Retype word for word the line containing "Материнская клетка Дочерние клетки" and each line that follows it in the records below, through the last one, with no pictures.

[Image-caption web data]
####################

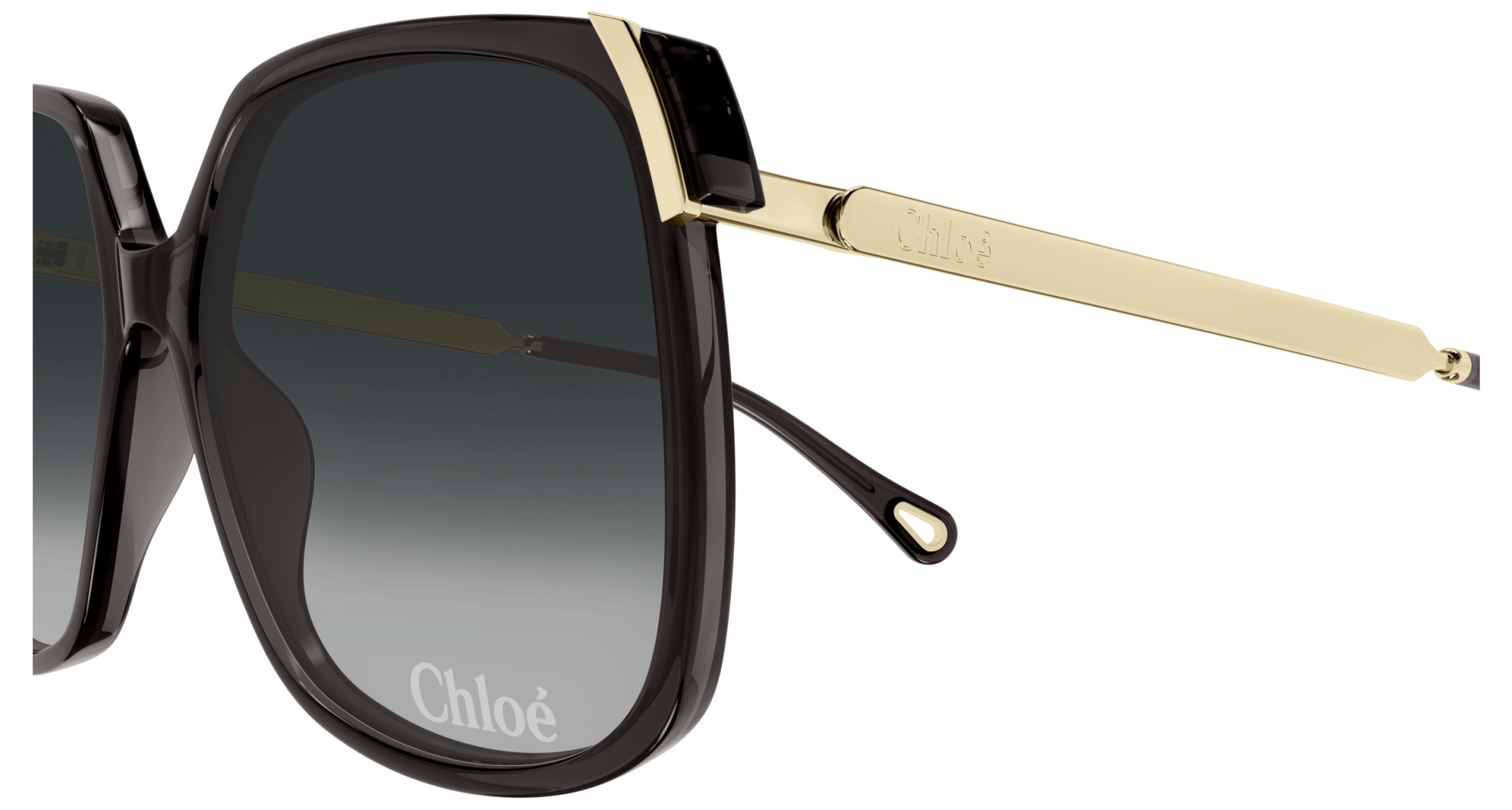 Occhiali da sole Chloé CH0286S 001 8056376565553 | Ottica Lux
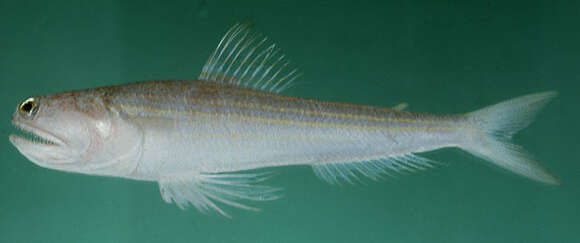 Image of Blunt-nosed lizardfish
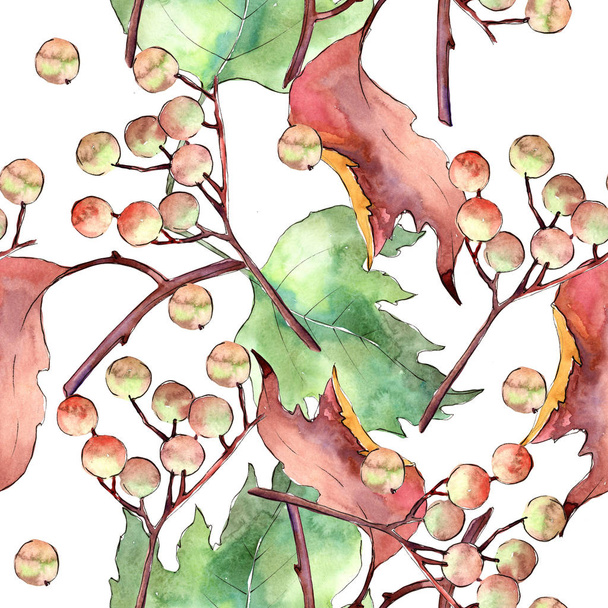 Калина листя в акварель стиль візерунка. - Фото, зображення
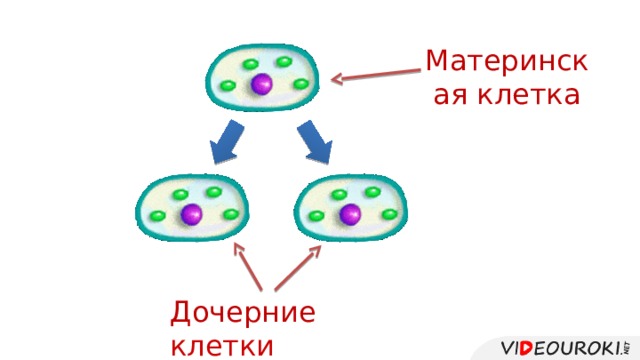 Материнская клетка Дочерние клетки 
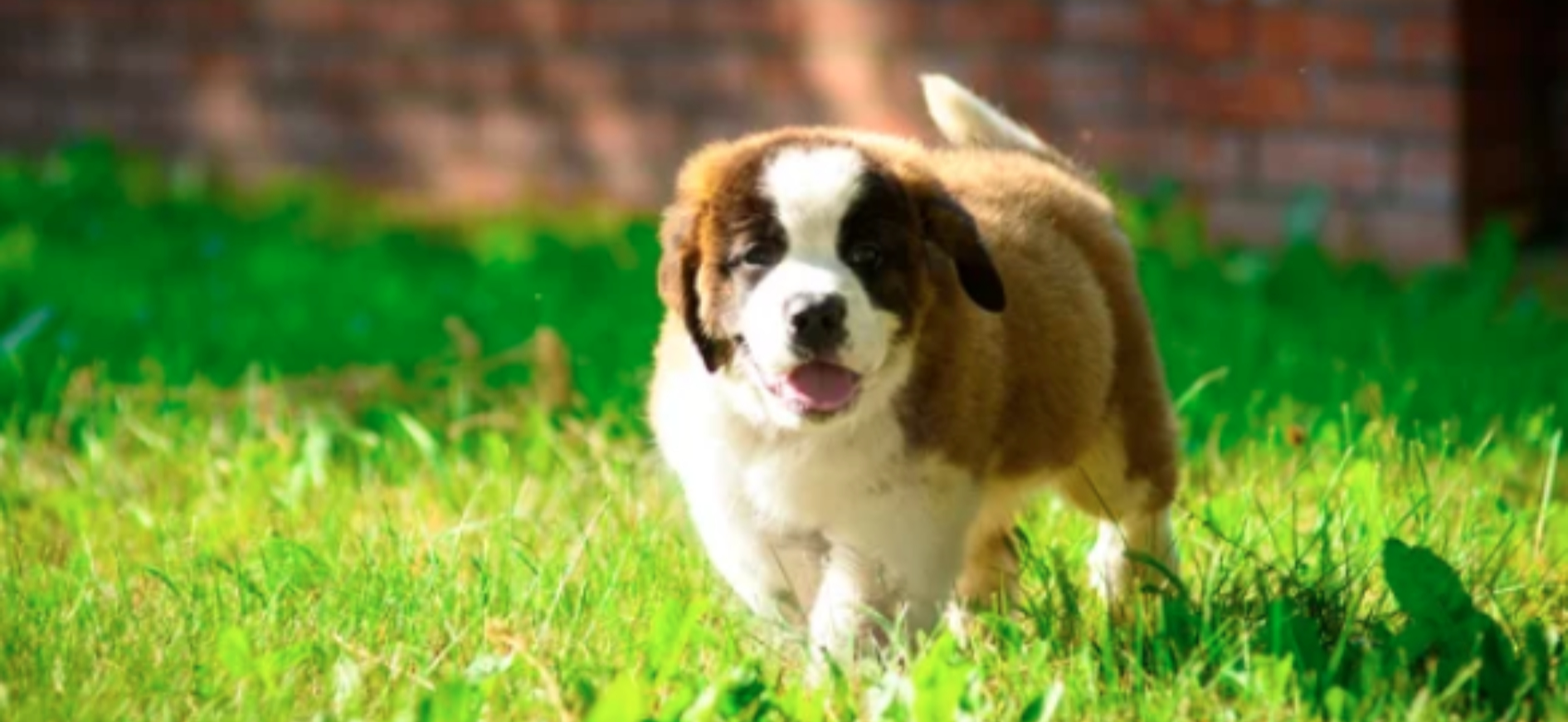 SAINT BERNARD/출처:어도비스톡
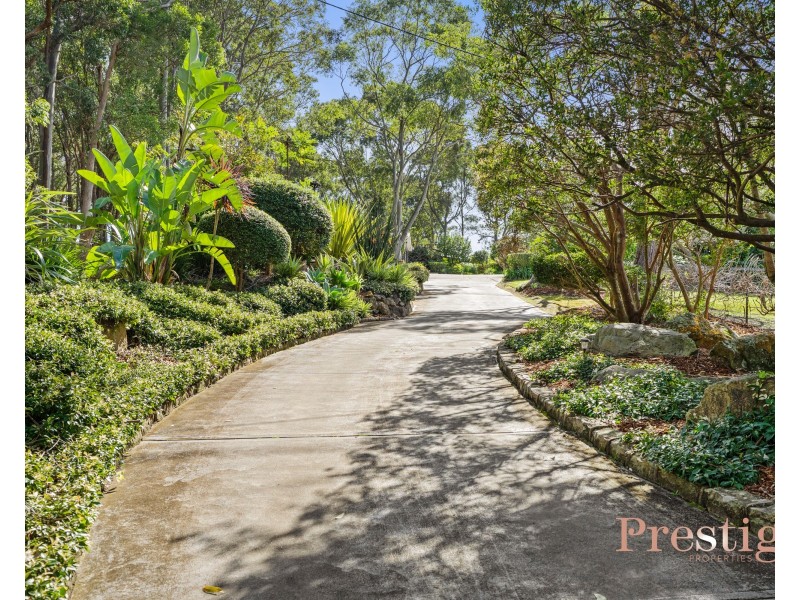 17 Currawong Road, Wamberal NSW 2260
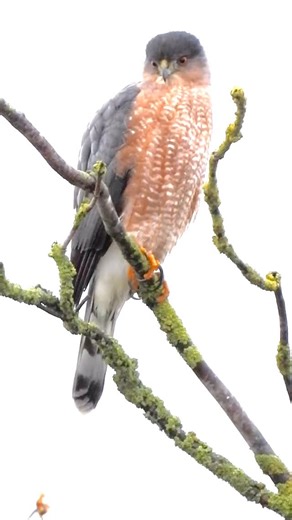 @birdwatching88 | #coopershawk #hawk #raptor #bird #birdwatching | Instagram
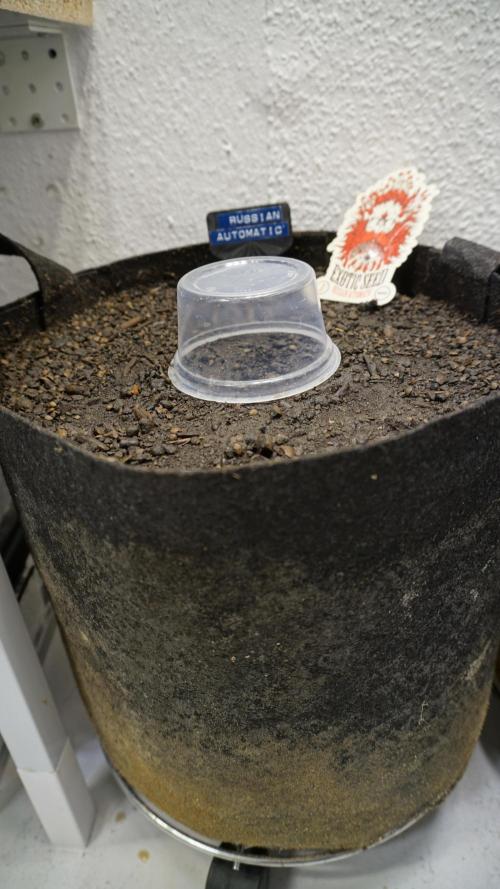 Russian Automatic X Sonnenerde. Week 0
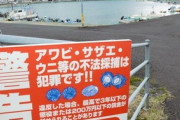 【島根】密漁されても漁協が告訴しない、5年間で1件も罪に問えず…「対応してくれない」漁業者が危機感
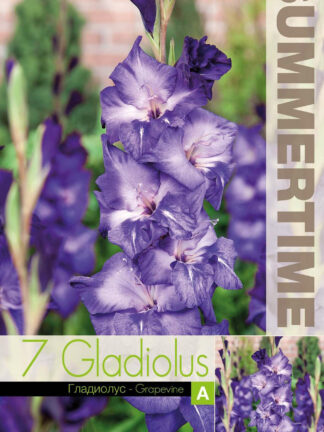 Gladiolus Grapevine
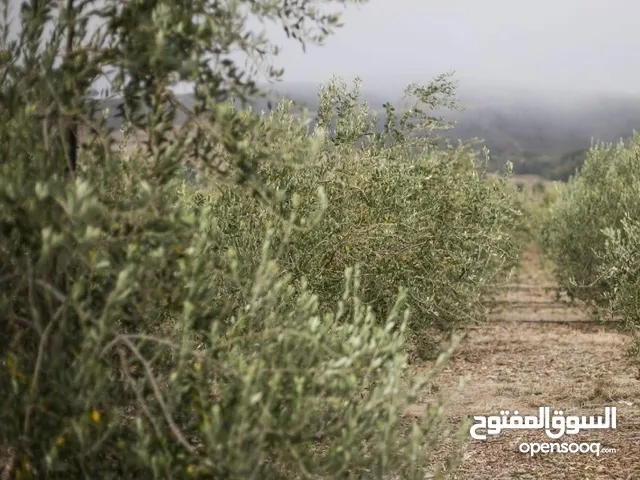 Farm Land for Sale in Zaghouan Other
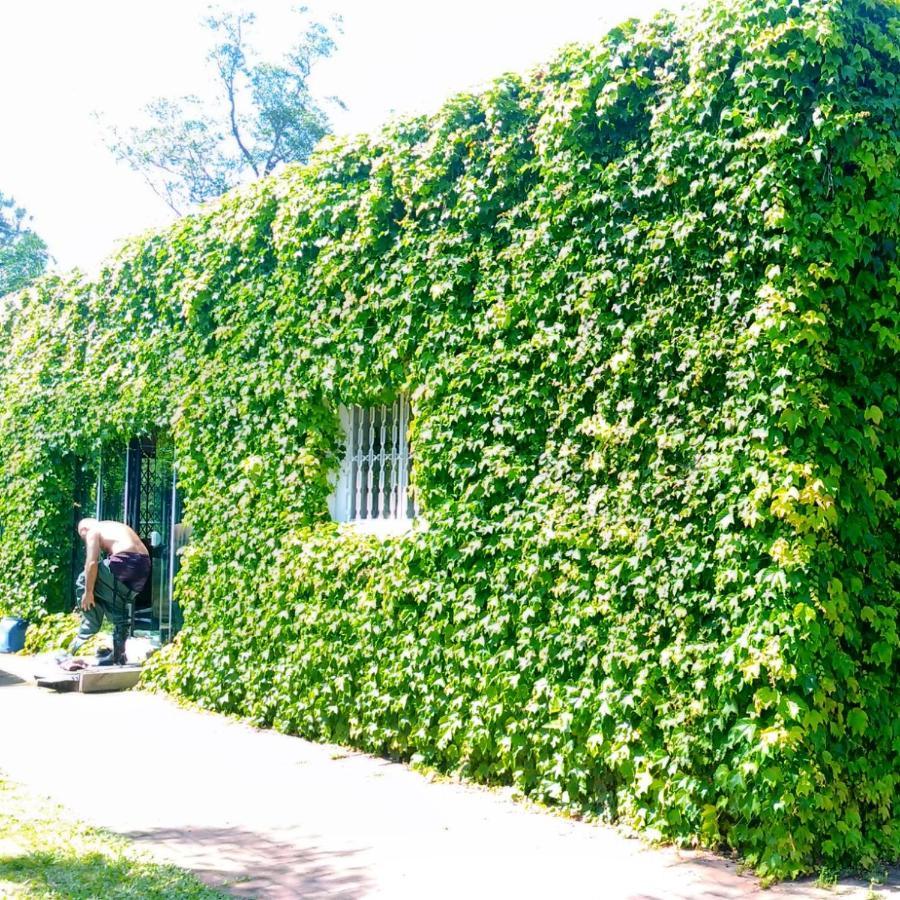 Sitio Sapiranga Apartment Exterior photo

####################

- Exercise answer:
 Материнская клетка Дочерние клетки 
 SAINT BERNARD/출처:어도비스톡
 17 Currawong Road, Wamberal NSW 2260
 @birdwatching88 | #coopershawk #hawk #raptor #bird #birdwatching | Instagram
 Russian Automatic X Sonnenerde. Week 0
 【島根】密漁されても漁協が告訴しない、5年間で1件も罪に問えず…「対応してくれない」漁業者が危機感
 Gladiolus Grapevine
 Farm Land for Sale in Zaghouan Other
 Sitio Sapiranga Apartment Exterior photo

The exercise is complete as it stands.